New York Gov. Andrew Cuomo

New York Gov. Andrew Cuomo

AP Photo

Cuomo: Create N.Y. State Gaming Commission

New body would merge Racing and Wagerig Board with lottery/racetrack VLT agency.

New York Gov. Andrew Cuomo wants to eliminate the state’s chief racing industry regulatory body and merge it with an agency that now runs the state’s lottery and racetrack VLT programs.

The plan, contained in Cuomo’s 2012 budget proposal released Jan. 17, would merge the state Racing and Wagering Board with the state Lottery Division into the New York State Gaming Commission.

The idea comes as Cuomo is also pushing a change in the state constitution to expand casino gambling on non-Indian lands -- an effort he says would be worth “a relatively conservative estimate’’ of $1 billion.

The governor, who has called for a top-down examination of the racing and gambling industry in New York, also proposed creating a new “independent’’ Office of Racing Development and Promotion to assume the operational functions of three existing funds: the state Thoroughbred Breeding and Development Fund, the Agriculture and New York State Horse Breeding Development Fund, and the state Quarter Horse Breeding and Development Fund.

The budget would also cut the number of state government workers assigned to oversight work at harness tracks.

“The gaming industries constitute a vital sector of New York’s overall economy and their continued growth would contribute to the economic development and job creation in New York state,’’ states a legislative memo by the administration in promoting the merger of the racing board and lottery agency and the new breeding fund program.

“At present, there is not overall coordination of gaming policy and regulation.

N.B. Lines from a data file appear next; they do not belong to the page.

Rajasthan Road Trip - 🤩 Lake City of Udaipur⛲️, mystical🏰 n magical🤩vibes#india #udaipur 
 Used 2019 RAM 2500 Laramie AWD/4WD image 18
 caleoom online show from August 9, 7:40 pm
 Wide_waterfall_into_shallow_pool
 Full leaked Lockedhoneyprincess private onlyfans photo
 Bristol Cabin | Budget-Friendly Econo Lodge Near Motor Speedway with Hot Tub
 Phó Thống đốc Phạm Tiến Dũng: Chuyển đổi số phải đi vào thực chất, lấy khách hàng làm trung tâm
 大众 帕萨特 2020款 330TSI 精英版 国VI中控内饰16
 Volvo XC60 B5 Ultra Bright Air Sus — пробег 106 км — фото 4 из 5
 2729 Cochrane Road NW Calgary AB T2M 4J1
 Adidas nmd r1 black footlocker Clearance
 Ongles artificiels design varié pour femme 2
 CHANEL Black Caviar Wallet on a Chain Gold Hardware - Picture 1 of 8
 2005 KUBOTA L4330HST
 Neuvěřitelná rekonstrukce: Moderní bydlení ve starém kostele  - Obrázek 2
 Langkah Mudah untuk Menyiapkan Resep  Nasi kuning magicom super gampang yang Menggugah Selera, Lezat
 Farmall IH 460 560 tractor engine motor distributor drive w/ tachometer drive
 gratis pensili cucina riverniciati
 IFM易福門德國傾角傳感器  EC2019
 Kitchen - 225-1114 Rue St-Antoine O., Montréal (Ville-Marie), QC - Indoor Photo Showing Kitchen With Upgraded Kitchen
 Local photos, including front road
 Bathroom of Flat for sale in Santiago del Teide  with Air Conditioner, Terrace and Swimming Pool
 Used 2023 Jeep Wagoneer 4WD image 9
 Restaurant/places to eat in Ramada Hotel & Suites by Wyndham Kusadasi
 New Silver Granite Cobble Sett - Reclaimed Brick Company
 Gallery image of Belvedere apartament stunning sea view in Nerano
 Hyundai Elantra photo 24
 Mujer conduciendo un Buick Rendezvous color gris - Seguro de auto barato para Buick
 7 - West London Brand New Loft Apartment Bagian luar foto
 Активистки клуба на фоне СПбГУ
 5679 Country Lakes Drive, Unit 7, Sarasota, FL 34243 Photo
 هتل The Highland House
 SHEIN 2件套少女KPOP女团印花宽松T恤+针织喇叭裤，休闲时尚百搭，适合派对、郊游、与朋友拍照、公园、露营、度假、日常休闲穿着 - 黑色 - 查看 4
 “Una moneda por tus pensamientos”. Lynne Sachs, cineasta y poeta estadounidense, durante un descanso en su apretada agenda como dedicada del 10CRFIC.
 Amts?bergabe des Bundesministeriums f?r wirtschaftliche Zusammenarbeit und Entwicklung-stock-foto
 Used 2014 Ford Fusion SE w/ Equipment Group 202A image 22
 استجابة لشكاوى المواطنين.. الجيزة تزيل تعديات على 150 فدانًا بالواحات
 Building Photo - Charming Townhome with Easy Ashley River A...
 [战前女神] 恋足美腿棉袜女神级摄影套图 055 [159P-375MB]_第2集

Regulation of gaming must be conducted in the most efficient, transparent, and effective manner possible,’’ the memo states.

“Consolidation of various regulatory functions into a single oversight body with broad powers would increase efficiency, reduce costs, and eliminate unnecessary regulation redundancies,’’ it adds.

The administration says it is seeking a “robust’’ regulatory structure to better ensure gambling is conducted with the “highest integrity, credibility, and quality.’’

The plan, if approved by the legislature, would take effect May 1.

The racing board regulates the horse racing industry, as well as gambling by charitable organizations, off-track betting corporations, and Indian-owned casinos. The state lottery division, besides overseeing the state’s lottery games, regulates the VLT casinos operating at New York’s racetracks.

The new commission would be composed of five members, who would serve at the pleasure of the governor. The commission would have broad investigatory powers over the gambling industry, including the right to “monitor’’ the activities of anyone or any entity involved in gambling. People involved in any aspect of the gambling industry during the previous three years would be banned from serving as a commission board member, the legislation states, and there would be a ban on revolving door employment within the industry for four years by departing commission members or officers of the agency.

Any rules or orders in effect by the two agencies would continue with the merged entity.